▸ **INPUT RECORDS**:

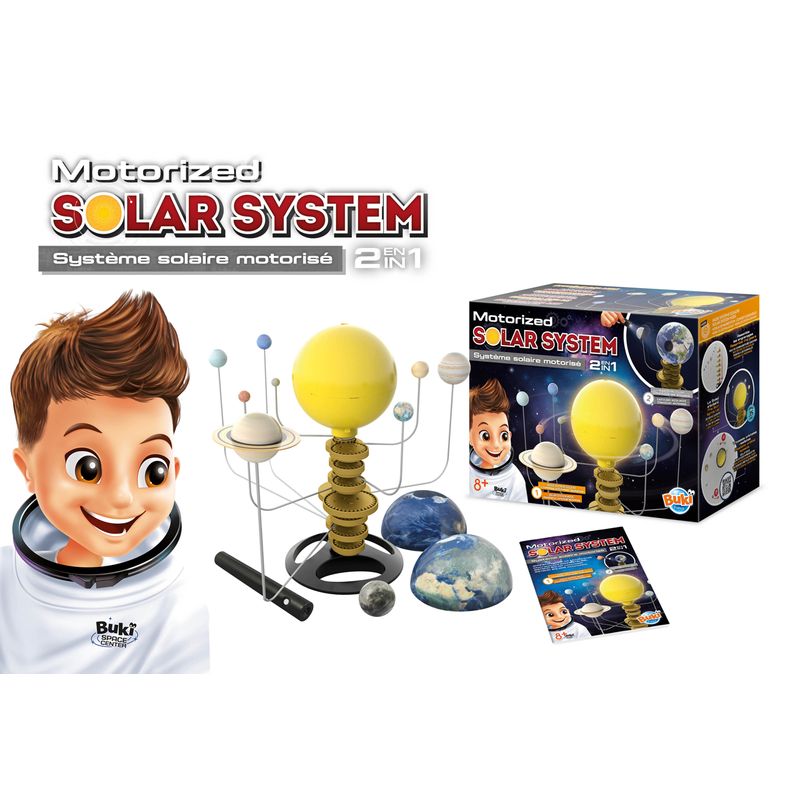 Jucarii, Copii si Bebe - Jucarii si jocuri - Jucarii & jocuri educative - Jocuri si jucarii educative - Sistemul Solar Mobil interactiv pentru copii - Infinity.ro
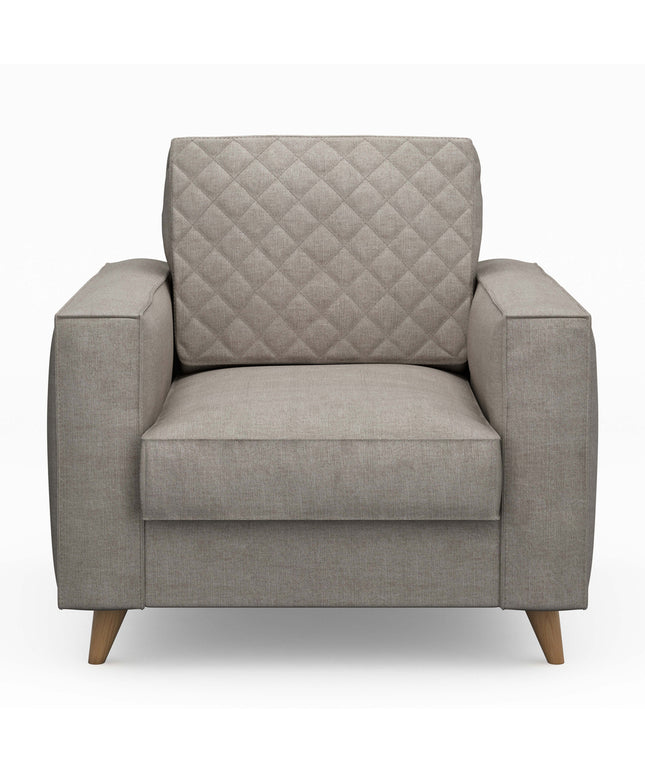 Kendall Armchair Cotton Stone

---

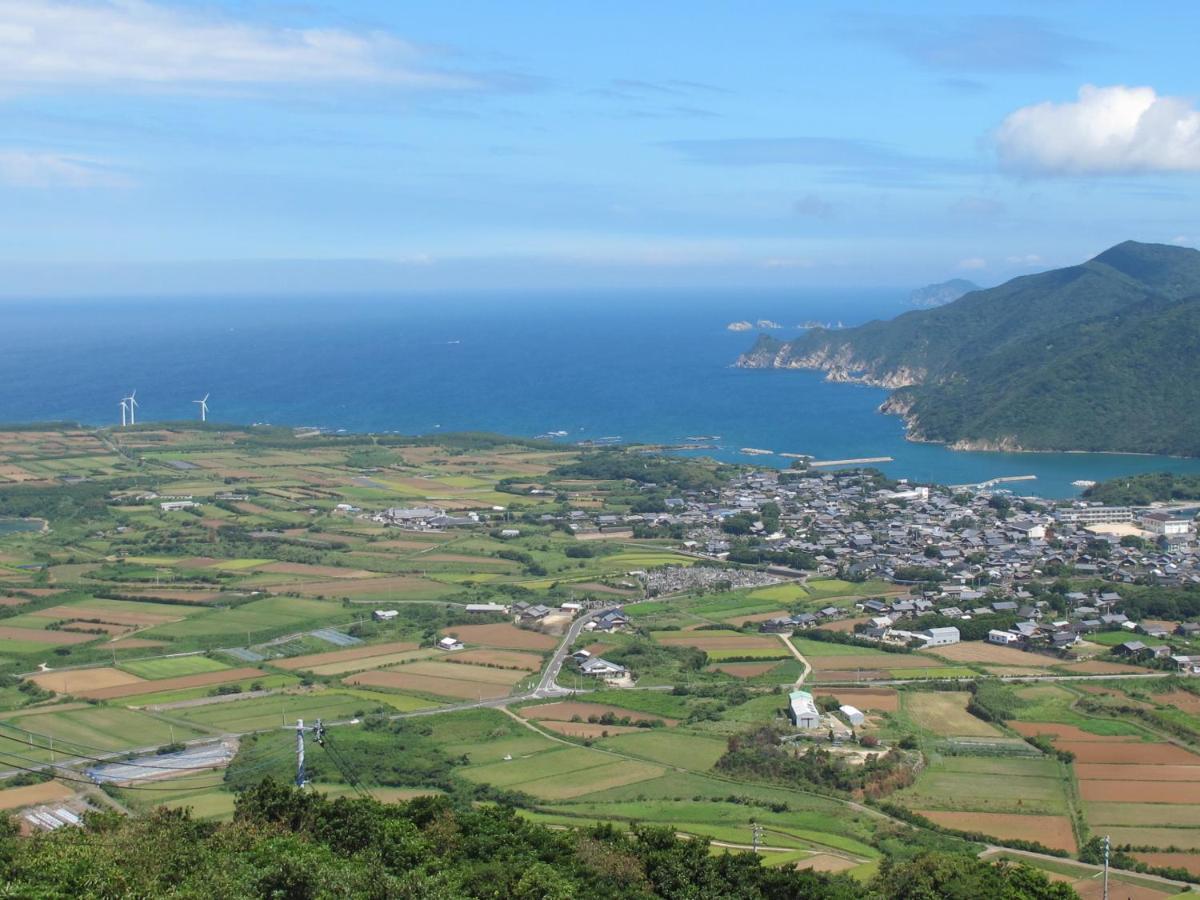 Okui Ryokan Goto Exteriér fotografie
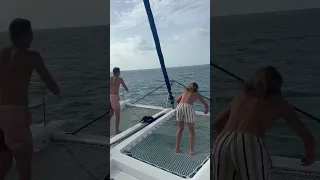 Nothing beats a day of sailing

▸ **WHAT THIS TASK INVOLVES**:
The stretch above running from the line with "Jucarii, Copii si" through the line with "Kendall Armchair Cotton Stone" is all you should copy, exactly, leaving out the pictures.

▸ **EXERCISE ANSWER**:
 Jucarii, Copii si Bebe - Jucarii si jocuri - Jucarii & jocuri educative - Jocuri si jucarii educative - Sistemul Solar Mobil interactiv pentru copii - Infinity.ro
 Kendall Armchair Cotton Stone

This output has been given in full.